- Born: 1954 (age 71–72) Hangzhou, China
- Occupations: Businessman; journalist;
- Known for: Founding Nongfu Spring; Majority owner of Beijing Wantai Biological Pharmacy Enterprise;

= Zhong Shanshan =

Chinese business magnate and billionaire (born 1954)

Zhong Shanshan (钟睒睒, born 1954) is a Chinese business magnate and billionaire. He is the founder and chairperson of the Nongfu Spring beverage company and majority owner of Beijing Wantai Biological Pharmacy Enterprise.

As of 2025, Zhong has a net worth of US$77.5 billion, and was ranked among the top 25 in the Bloomberg Billionaires Index. His wealth is derived mainly from his business stakes and interests in the Chinese beverage and pharmaceutical industries.

==Early life==
Zhong was born in Hangzhou in 1954. He dropped out of primary school during the Cultural Revolution and found work in construction. Zhong was a journalist at the Zhejiang Daily before quitting his job in 1988 to start his own business. In 1988, Zhong moved to Hainan, an island off the coast of southern China. He sold mushrooms, prawns, and turtles during his time on the island. He then went on to work at the Wahaha beverage company as a sales agent, and sold healthcare supplements.

== Career ==
In 1996, Zhong founded a bottled water company in Hangzhou, which later became Nongfu Spring. In 1999, Nongfu Spring stopped removing natural minerals from its water. This was a savvy marketing move and greatly helped increase exposure to their target audience. It was popular in China, where distilled water was the norm at the time, despite many worrying about its health benefits, or lack thereof. Under Zhong's leadership, the company grew to be the largest bottled water maker in China, as well as one of the largest beverage companies in the world. The company beat out behemoths in the industry such as Coca-Cola, Watsons, and Pepsi to become the best-selling package beverage brand. Zhong took advantage of new technologies such as cloud computing and big data in order to gain a key advantage in understanding Nongfu Spring's customer base. This allowed for increased market expansion across the country and transformed it into a larger company. According to Nielsen research data, Nongfu Spring's natural water became the most popular bottled water in the country in 2012. Starting in 2012, Nongfu Spring was the number one seller of packaged beverages in China. It maintained this dominance for 8 consecutive years.

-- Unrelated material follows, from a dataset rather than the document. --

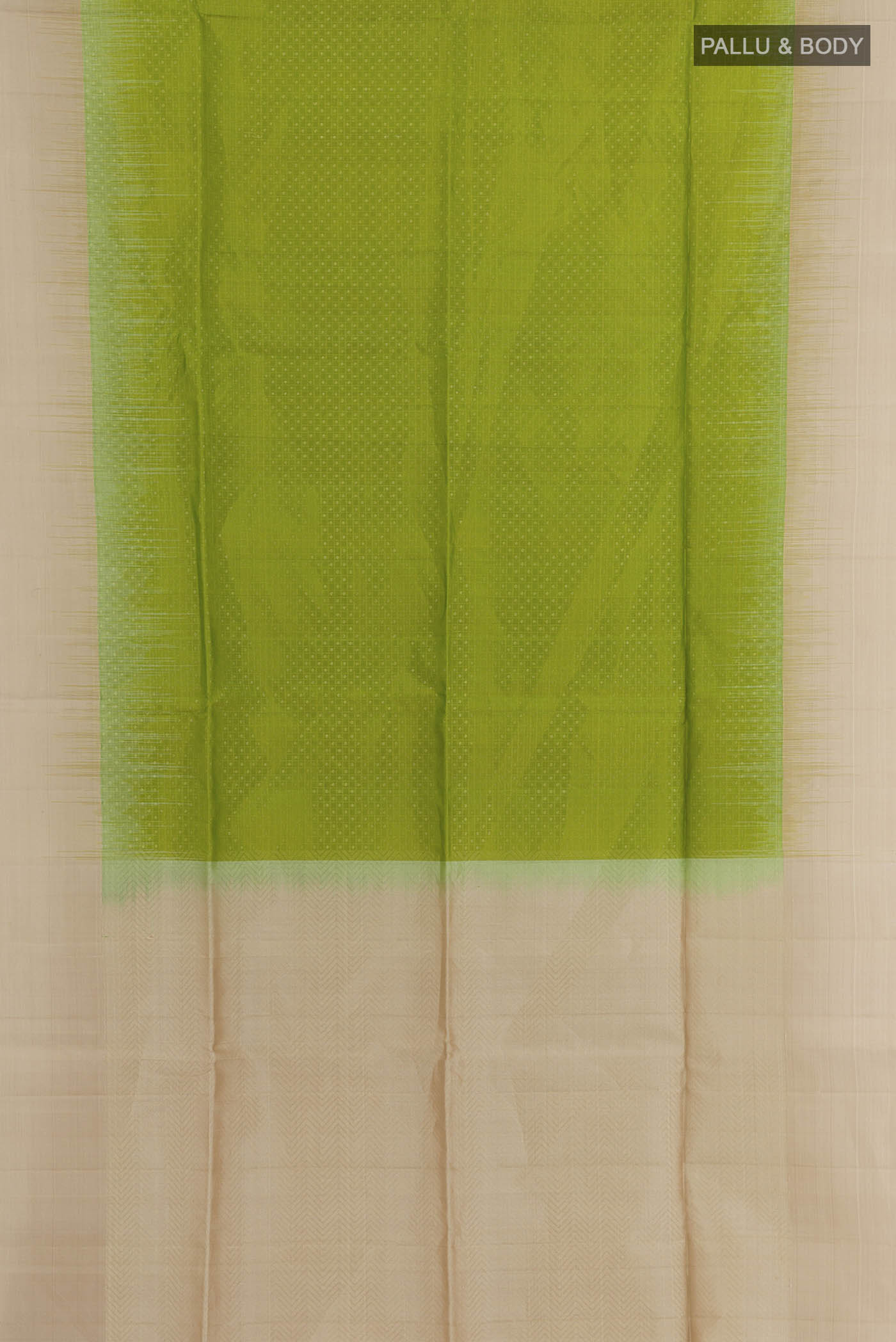 Flat view of Green Soft Silk Saree with Zari Butta on the body and Zari Border.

Nongfu Spring's initial public offering in September 2020 massively increased Zhong's wealth. It expanded his fortune from 18.9 billion dollars to over 50 billion dollars. This made him China's wealthiest or second-wealthiest person, according to Bloomberg and Forbes respectively. At the end of 2020, Forbes listed Zhong as Asia's wealthiest person. In January 2021, Forbes reported that the increasing share price of Nongfu Spring made him China's wealthiest person and the world's sixth wealthiest person, with a net worth of 95 billion dollars. However he was only shortly the wealthiest Asian but was overtaken by Mukesh Ambani of India. His rise came alongside a wave of wealth in China, where over 100 billionaires were minted in 2020, adding 0.5 trillion dollars to their wealth, collectively. However he lost over 30 billion US dollars and ranks 3rd in Asia's wealthiest behind Ambani and Gautam Adani, both Indians. By September 2020, Zhong owned a 75% stake in Beijing Wantai Biological Pharmacy. Wantai went public in April 2020, which increased Zhong's wealth and added to his fortune. As of January 2021, he owned 84.4% of Nongfu Spring and was the company's chairperson.

In 2024, Chinese nationalists unleashed a wave of online attacks targeting Zhong, accusing him of being insufficiently loyal to China because he allegedly showed a lack of respect to a deceased business rival known for his patriotism, and because his son holds a U.S. passport.

==Personal life==
Despite his business success and immense wealth, Zhong maintains a low public profile, and has been called a "lone wolf" by Chinese media. He purchased an apartment in Xihu District, Hangzhou, where he primarily resides. Nongfu Spring's headquarters are also located in Xihu district.